● ASSIGNMENT
Omit every picture. Return all other data as it stands.

Captioned web images:
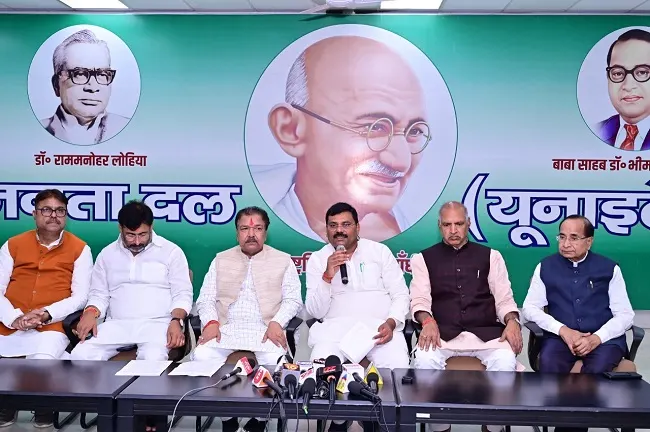 बिहार एनडीए दल के नेताओं दिखायी एकता, लक्ष्य की ओर निरंतर आगे बढ़ने का किया दावा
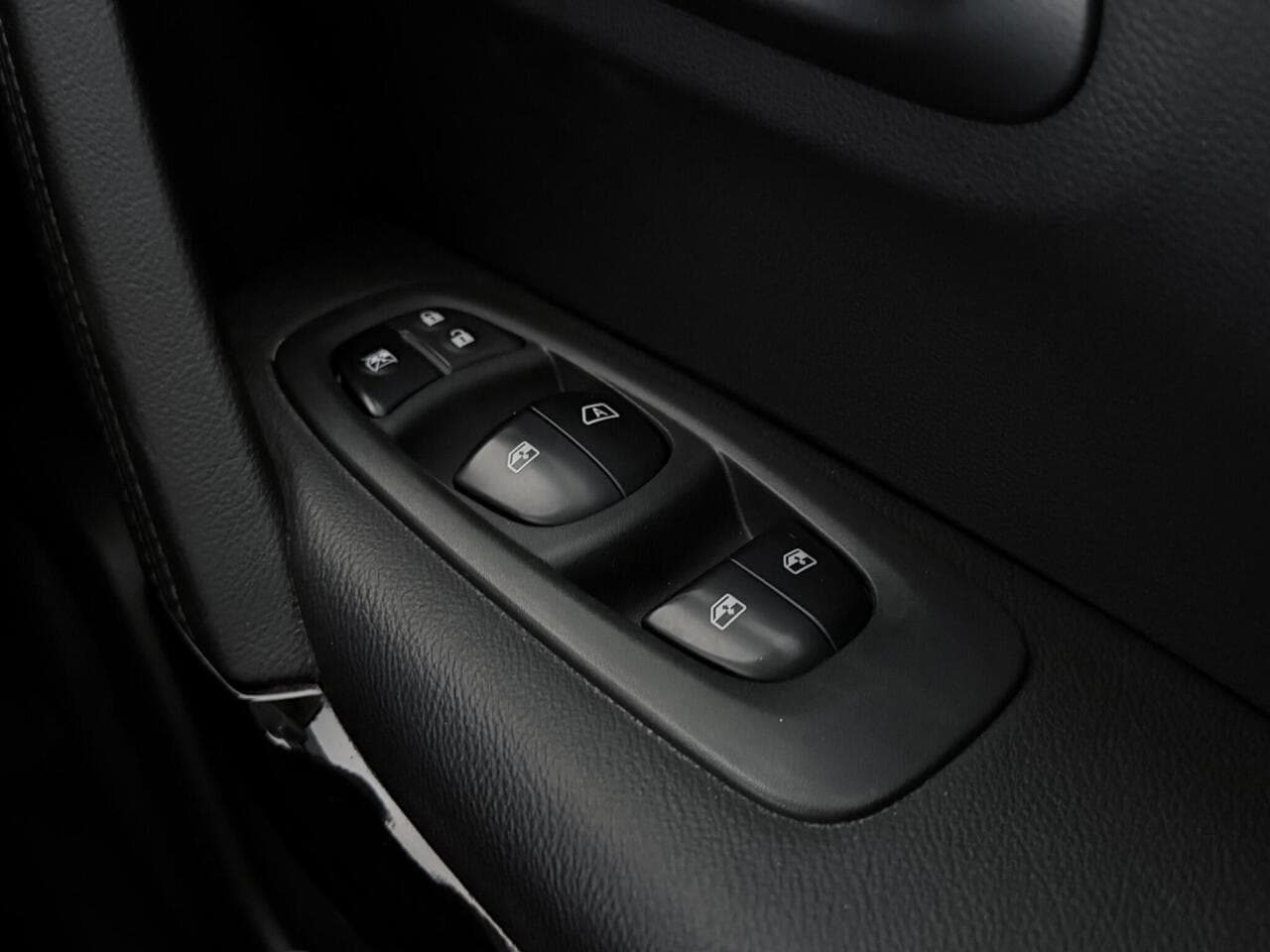 Renault Kadjar thumbnail Misc Controls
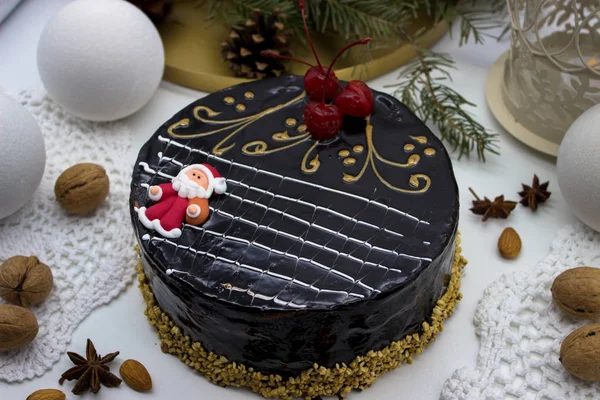 Pyszne ciasto czekoladowe, zdobione wiśnie i cukier Santa an — Zdjęcie stockowe
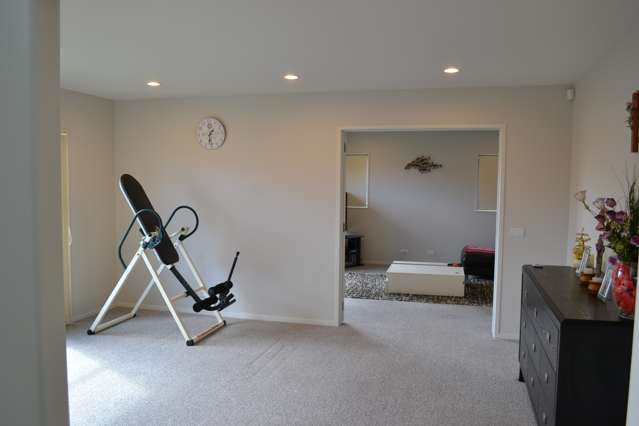 2 Mccathie Drive Flat Bush_4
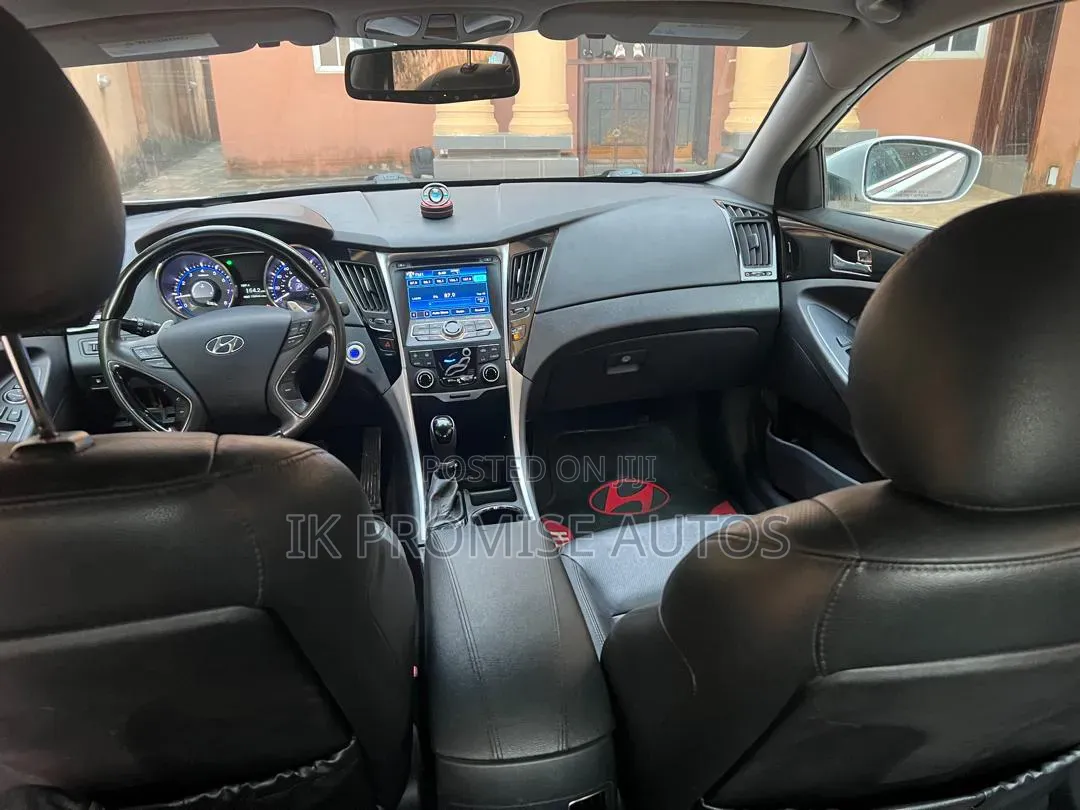Hyundai Sonata 2012 Silver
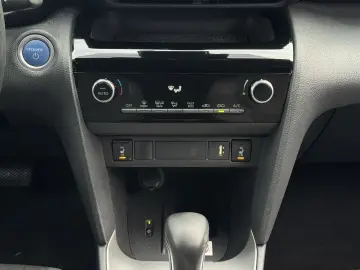 TOYOTA Yaris Cross HYBRID FWD TEAM DE KAMERA NAVI 1.HD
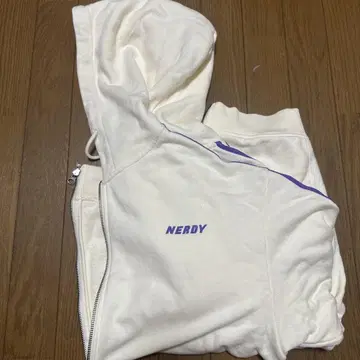 NERDY 화이트 집업 후드티 S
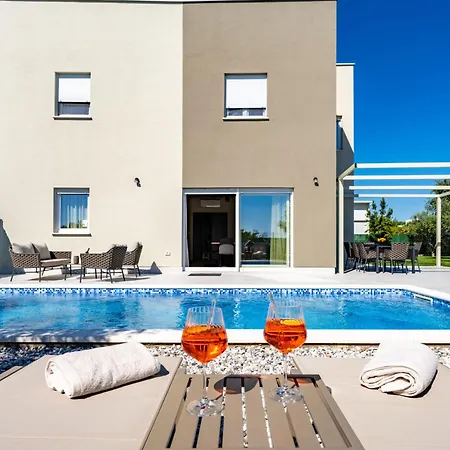 Villa Dolly Blue By Interhome *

● OUTPUT FOR THIS EXERCISE
 बिहार एनडीए दल के नेताओं दिखायी एकता, लक्ष्य की ओर निरंतर आगे बढ़ने का किया दावा
 Renault Kadjar thumbnail Misc Controls
 Pyszne ciasto czekoladowe, zdobione wiśnie i cukier Santa an — Zdjęcie stockowe
 2 Mccathie Drive Flat Bush_4
Hyundai Sonata 2012 Silver
 TOYOTA Yaris Cross HYBRID FWD TEAM DE KAMERA NAVI 1.HD
 NERDY 화이트 집업 후드티 S
 Villa Dolly Blue By Interhome *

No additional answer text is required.